> [WHAT TO WORK ON]
Using the listing below, give again exactly the lines from the line with "Close-up of zucchini" to the line with "A doodle style icon depicting a watch", inclusive, without the pictures.

> [SUPPLIED ENTRIES]

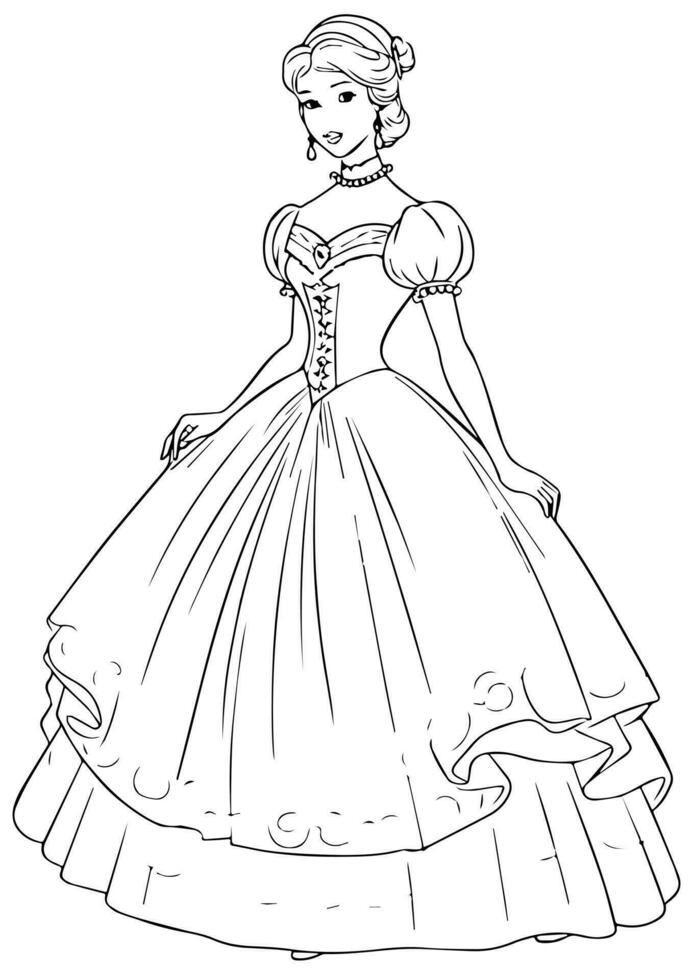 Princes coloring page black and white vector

* * *

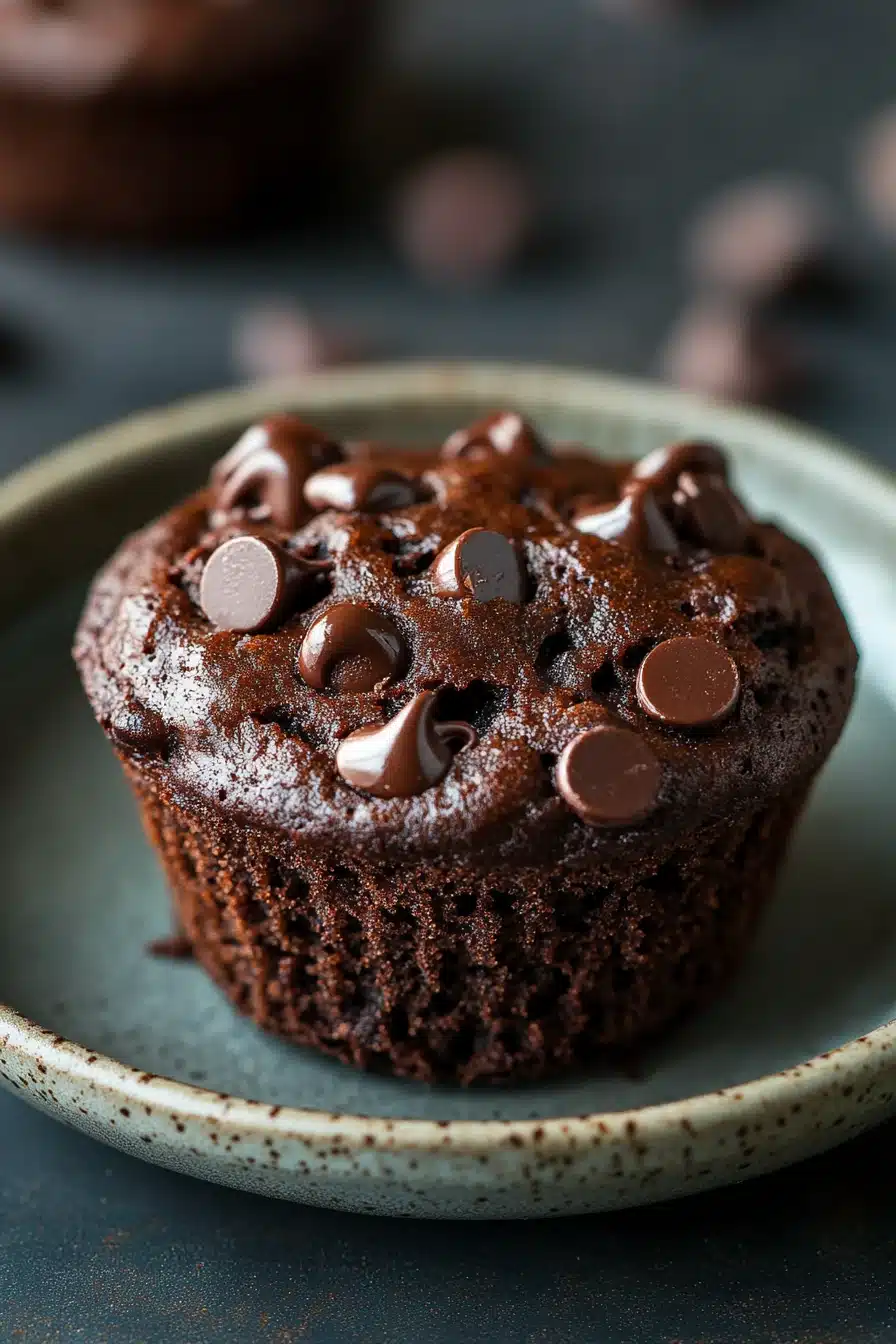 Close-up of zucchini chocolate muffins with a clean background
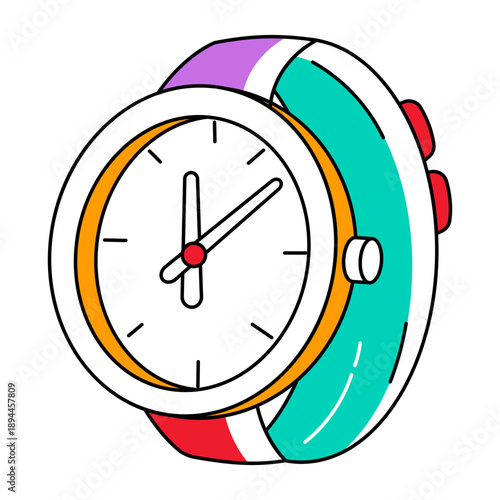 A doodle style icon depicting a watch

> [EXPECTED ANSWER]
 Close-up of zucchini chocolate muffins with a clean background
 A doodle style icon depicting a watch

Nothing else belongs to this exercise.